Stored data:
------------------------------------

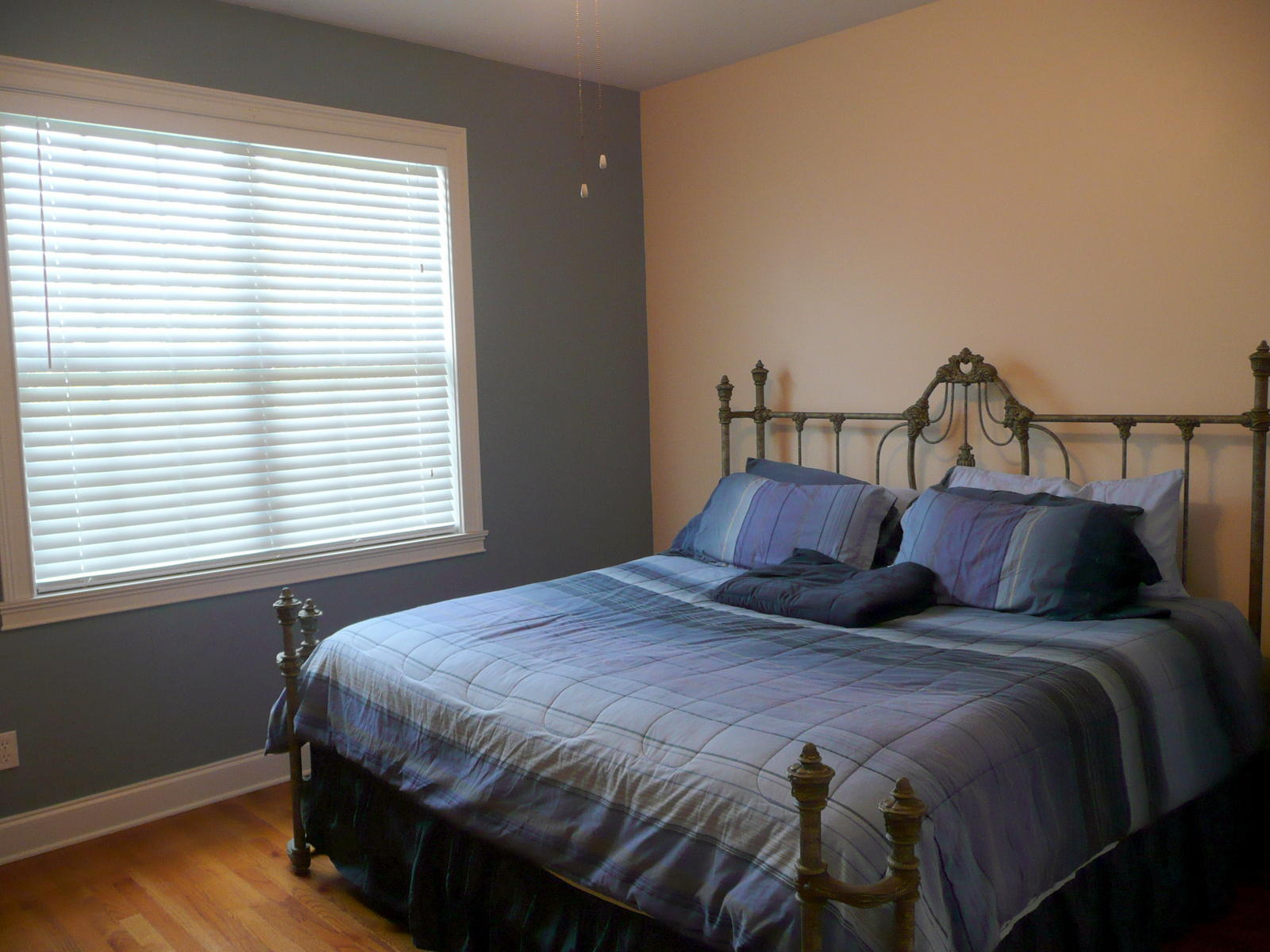 691 Oak Grove Road Madisonville, TN 37354 - Photo 25 of 31 Bedroom 2 w/ King Bed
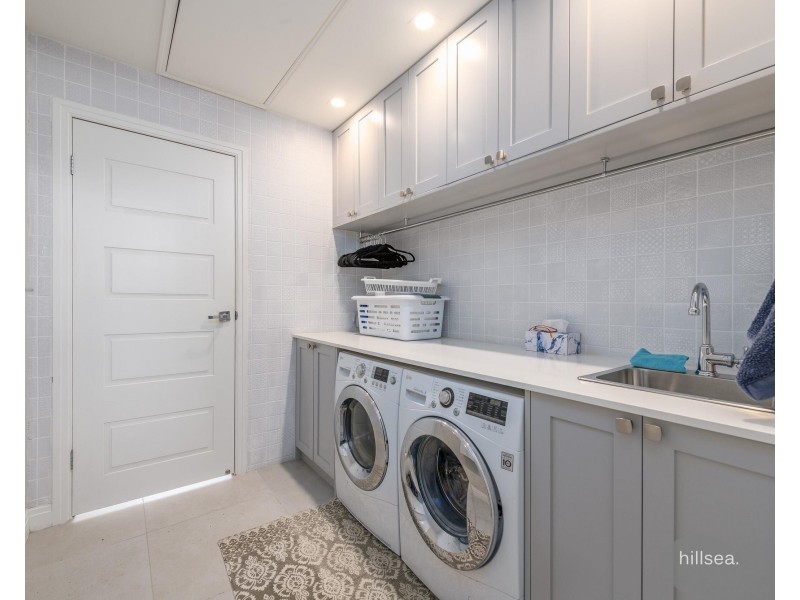 5801 Clearwater Crescent, Hope Island QLD 4212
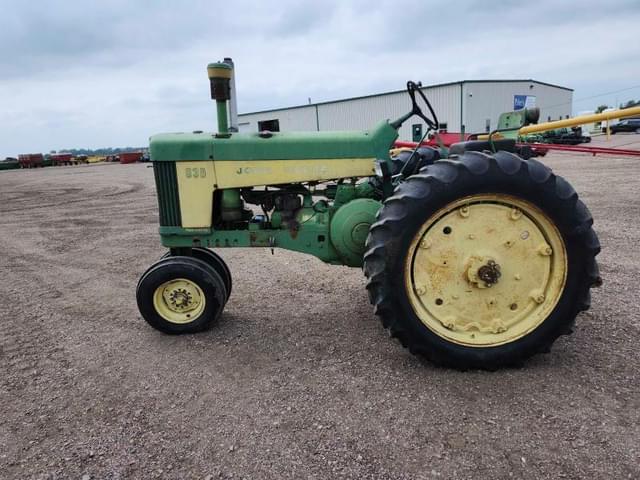 Image of John Deere 630 equipment image 4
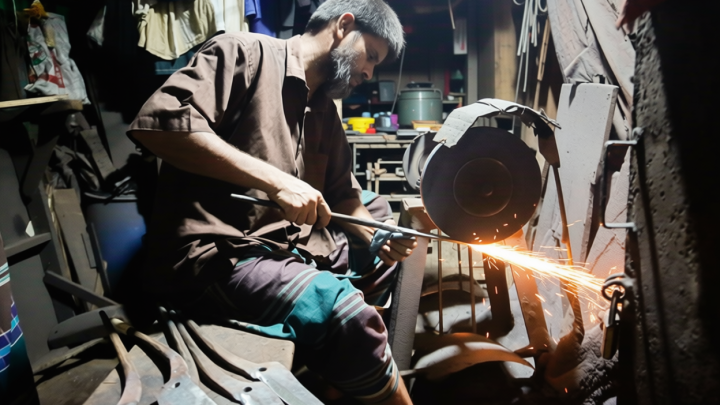 পশুর হাটের পাশাপাশি এখন ব্যস্ত কামারপাড়া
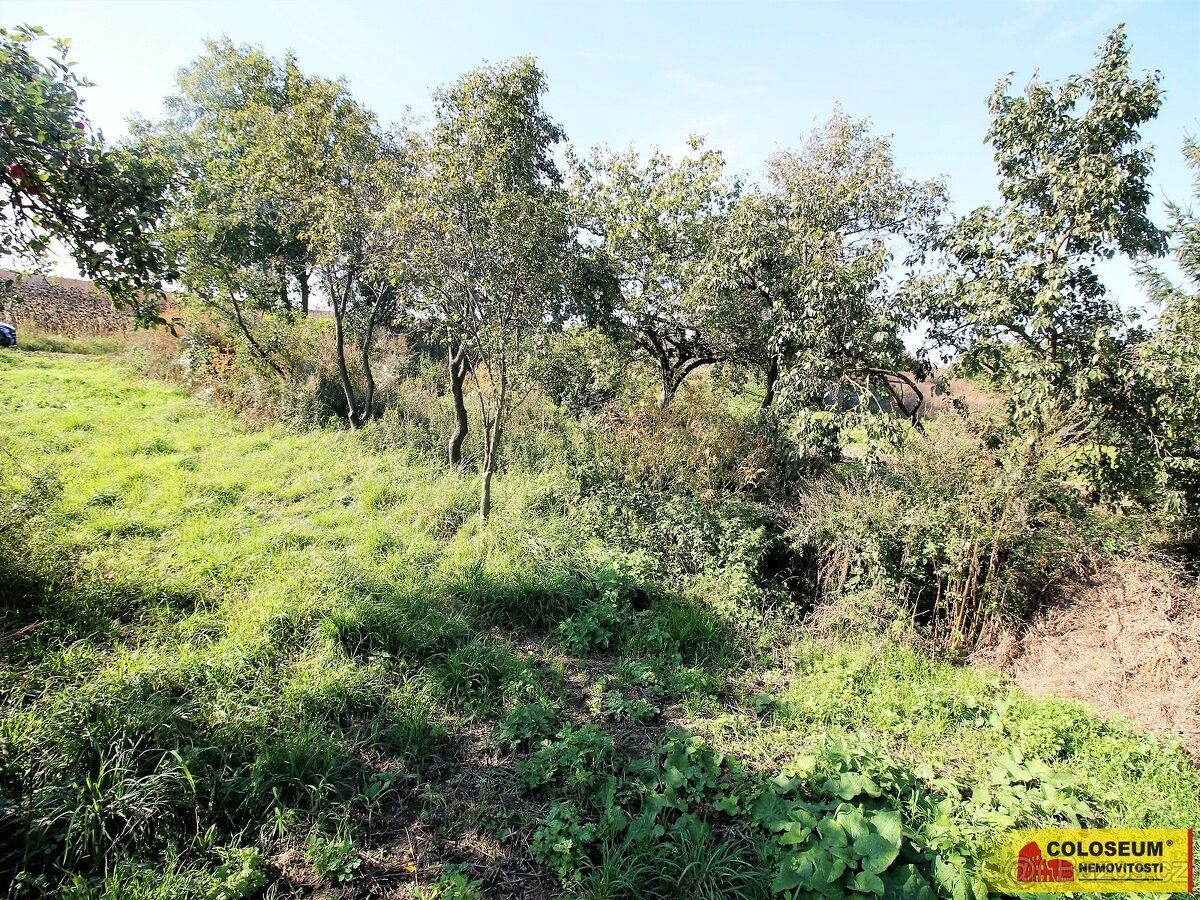 Ev.č. E3348BC006 Exkluzivně Vám nabízíme k prodeji pozemek o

------------------------------------

PROBLEM TO WORK ON: Each record above is to be copied exactly. Drop the pictures.

RESPONSE TO THIS TASK:
 691 Oak Grove Road Madisonville, TN 37354 - Photo 25 of 31 Bedroom 2 w/ King Bed
 5801 Clearwater Crescent, Hope Island QLD 4212
 Image of John Deere 630 equipment image 4
 পশুর হাটের পাশাপাশি এখন ব্যস্ত কামারপাড়া
 Ev.č. E3348BC006 Exkluzivně Vám nabízíme k prodeji pozemek o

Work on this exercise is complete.